Using the records below, transcribe word for word the stretch from the line that contains "[Foto de planta, jardin, jardineria]" through the line that contains "ワルシャワ動物園のジェシーの写真", both end lines included, and nothing else.

STORED DATA:
+ + + + +

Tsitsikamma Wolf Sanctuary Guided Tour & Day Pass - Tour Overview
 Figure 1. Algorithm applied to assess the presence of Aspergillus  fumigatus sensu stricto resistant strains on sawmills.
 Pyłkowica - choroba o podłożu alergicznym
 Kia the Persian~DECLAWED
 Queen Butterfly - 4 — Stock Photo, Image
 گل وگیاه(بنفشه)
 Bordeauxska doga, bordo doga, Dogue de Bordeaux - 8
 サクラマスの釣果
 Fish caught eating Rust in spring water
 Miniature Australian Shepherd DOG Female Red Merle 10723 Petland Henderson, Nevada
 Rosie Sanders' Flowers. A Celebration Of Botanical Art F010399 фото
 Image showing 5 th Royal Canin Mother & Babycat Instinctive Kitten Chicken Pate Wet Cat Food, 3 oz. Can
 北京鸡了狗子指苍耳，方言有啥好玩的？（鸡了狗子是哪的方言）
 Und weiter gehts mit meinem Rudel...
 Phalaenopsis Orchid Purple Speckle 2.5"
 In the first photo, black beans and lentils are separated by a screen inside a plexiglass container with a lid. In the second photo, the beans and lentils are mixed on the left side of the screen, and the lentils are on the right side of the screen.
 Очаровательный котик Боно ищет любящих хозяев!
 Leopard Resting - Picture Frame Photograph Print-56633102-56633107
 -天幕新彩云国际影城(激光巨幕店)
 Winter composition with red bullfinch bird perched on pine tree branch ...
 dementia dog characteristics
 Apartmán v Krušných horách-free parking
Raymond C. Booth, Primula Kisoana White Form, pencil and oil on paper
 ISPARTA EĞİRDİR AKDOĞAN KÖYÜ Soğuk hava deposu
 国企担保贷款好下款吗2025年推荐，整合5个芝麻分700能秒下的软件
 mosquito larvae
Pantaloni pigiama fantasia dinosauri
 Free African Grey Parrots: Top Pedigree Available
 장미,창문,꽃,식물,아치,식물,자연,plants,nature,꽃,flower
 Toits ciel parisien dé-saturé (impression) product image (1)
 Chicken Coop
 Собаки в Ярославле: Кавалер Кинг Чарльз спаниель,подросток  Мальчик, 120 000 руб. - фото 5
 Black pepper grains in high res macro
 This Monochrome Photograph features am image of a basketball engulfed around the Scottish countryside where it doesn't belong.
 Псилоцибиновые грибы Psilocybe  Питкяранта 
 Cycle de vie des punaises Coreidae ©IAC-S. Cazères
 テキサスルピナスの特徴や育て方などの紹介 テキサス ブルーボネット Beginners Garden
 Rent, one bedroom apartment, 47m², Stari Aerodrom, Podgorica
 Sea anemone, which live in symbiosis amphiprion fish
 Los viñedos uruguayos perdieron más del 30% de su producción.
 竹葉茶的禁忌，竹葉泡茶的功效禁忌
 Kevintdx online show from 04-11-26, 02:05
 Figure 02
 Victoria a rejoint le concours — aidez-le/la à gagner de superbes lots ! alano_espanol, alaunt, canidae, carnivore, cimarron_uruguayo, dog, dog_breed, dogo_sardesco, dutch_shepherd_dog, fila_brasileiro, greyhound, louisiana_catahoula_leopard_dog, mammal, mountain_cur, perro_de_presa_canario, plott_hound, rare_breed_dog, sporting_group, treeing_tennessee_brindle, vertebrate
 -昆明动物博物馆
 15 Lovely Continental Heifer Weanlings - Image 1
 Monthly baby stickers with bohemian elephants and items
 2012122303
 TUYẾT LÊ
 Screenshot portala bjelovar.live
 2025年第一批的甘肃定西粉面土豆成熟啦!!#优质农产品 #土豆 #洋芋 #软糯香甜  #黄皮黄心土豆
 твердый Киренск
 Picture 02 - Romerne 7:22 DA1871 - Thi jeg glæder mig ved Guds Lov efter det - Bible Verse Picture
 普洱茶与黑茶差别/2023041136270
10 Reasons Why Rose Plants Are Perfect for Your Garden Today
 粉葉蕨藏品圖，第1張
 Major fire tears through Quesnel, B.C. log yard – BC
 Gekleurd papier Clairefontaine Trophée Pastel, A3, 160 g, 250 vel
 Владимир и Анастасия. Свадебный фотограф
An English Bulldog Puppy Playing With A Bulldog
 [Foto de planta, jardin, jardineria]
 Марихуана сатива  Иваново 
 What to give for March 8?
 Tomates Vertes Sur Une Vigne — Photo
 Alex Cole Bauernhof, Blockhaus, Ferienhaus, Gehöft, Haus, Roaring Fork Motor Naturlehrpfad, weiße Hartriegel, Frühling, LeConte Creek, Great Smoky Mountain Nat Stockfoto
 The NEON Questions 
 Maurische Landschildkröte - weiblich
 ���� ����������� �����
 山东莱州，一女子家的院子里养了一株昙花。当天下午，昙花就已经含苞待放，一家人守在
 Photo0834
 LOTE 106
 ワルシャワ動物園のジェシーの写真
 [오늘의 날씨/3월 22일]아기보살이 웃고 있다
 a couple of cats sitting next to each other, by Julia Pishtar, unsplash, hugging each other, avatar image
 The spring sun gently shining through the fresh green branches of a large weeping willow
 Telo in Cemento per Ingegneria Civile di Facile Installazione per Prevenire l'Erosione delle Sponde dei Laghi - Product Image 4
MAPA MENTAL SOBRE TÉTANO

+ + + + +

OUTPUT OF THE TASK:
 [Foto de planta, jardin, jardineria]
 Марихуана сатива  Иваново 
 What to give for March 8?
 Tomates Vertes Sur Une Vigne — Photo
 Alex Cole Bauernhof, Blockhaus, Ferienhaus, Gehöft, Haus, Roaring Fork Motor Naturlehrpfad, weiße Hartriegel, Frühling, LeConte Creek, Great Smoky Mountain Nat Stockfoto
 The NEON Questions 
 Maurische Landschildkröte - weiblich
 ���� ����������� �����
 山东莱州，一女子家的院子里养了一株昙花。当天下午，昙花就已经含苞待放，一家人守在
 Photo0834
 LOTE 106
 ワルシャワ動物園のジェシーの写真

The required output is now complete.